> _YOUR INSTRUCTIONS_
The required output is a word-for-word restatement of the material below, from the line with "Fujimi 460871 NX-4" through its last line, inclusive.

> _LISTED ENTRIES_
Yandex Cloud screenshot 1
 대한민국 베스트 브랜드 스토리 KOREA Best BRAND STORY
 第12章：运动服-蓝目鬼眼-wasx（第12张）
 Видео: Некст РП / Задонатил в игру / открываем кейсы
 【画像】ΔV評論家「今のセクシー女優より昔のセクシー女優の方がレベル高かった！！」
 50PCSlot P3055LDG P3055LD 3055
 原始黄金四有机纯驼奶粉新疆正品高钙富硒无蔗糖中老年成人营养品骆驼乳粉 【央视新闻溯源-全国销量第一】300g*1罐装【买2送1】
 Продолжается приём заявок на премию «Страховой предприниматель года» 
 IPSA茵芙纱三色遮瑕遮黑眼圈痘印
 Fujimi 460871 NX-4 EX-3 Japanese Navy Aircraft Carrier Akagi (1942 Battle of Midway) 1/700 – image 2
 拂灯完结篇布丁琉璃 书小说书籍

> _PROBLEM SOLUTION_
 Fujimi 460871 NX-4 EX-3 Japanese Navy Aircraft Carrier Akagi (1942 Battle of Midway) 1/700 – image 2
 拂灯完结篇布丁琉璃 书小说书籍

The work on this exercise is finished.